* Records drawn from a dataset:
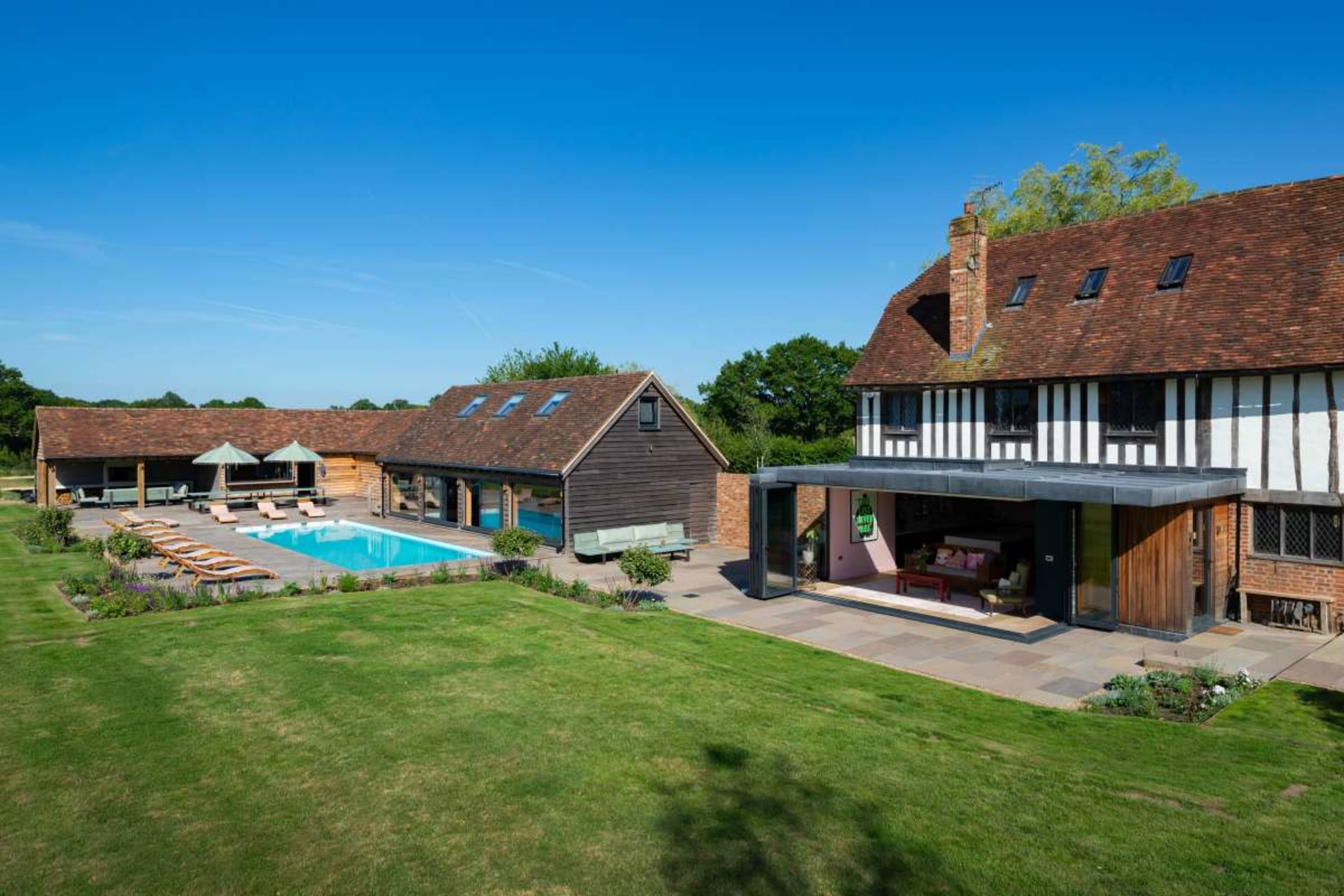 The image shows a modern house with a large pool surrounded by lounge chairs, set in a green landscape with blue skies.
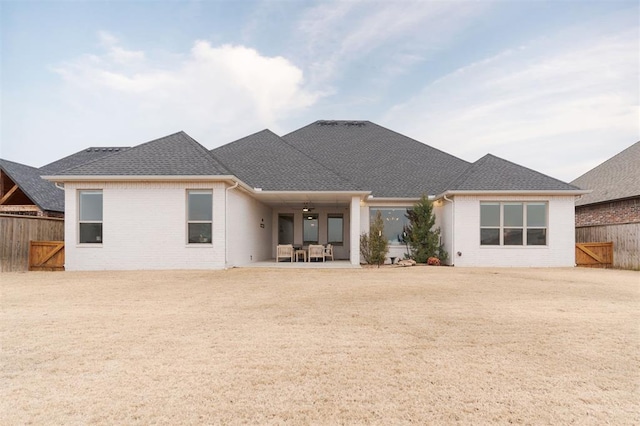 back of house with a shingled roof, a patio area, a fenced backyard, and brick siding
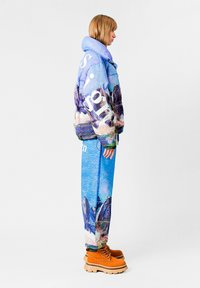 Chaqueta acolchada con estampado de montañas en azul y púrpura, con texto grande en blanco en un costado. Combinada con pantalones azules texturizados y botas marrones con cordones.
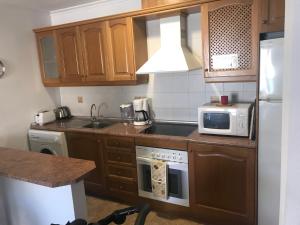 a kitchen with a sink and a stove top oven at Playamarina 2 Cabo Roig in Playas de Orihuela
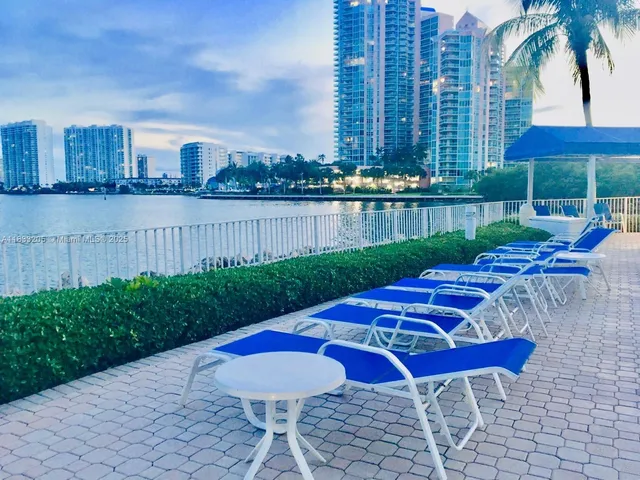 a view of a chairs and table in patio with a yard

* Task item: From the first line to the last, repeat the data above exactly and leave the pictures out.

* Exercise output:
 The image shows a modern house with a large pool surrounded by lounge chairs, set in a green landscape with blue skies.
 back of house with a shingled roof, a patio area, a fenced backyard, and brick siding
 Chaqueta acolchada con estampado de montañas en azul y púrpura, con texto grande en blanco en un costado. Combinada con pantalones azules texturizados y botas marrones con cordones.
 a kitchen with a sink and a stove top oven at Playamarina 2 Cabo Roig in Playas de Orihuela
 a view of a chairs and table in patio with a yard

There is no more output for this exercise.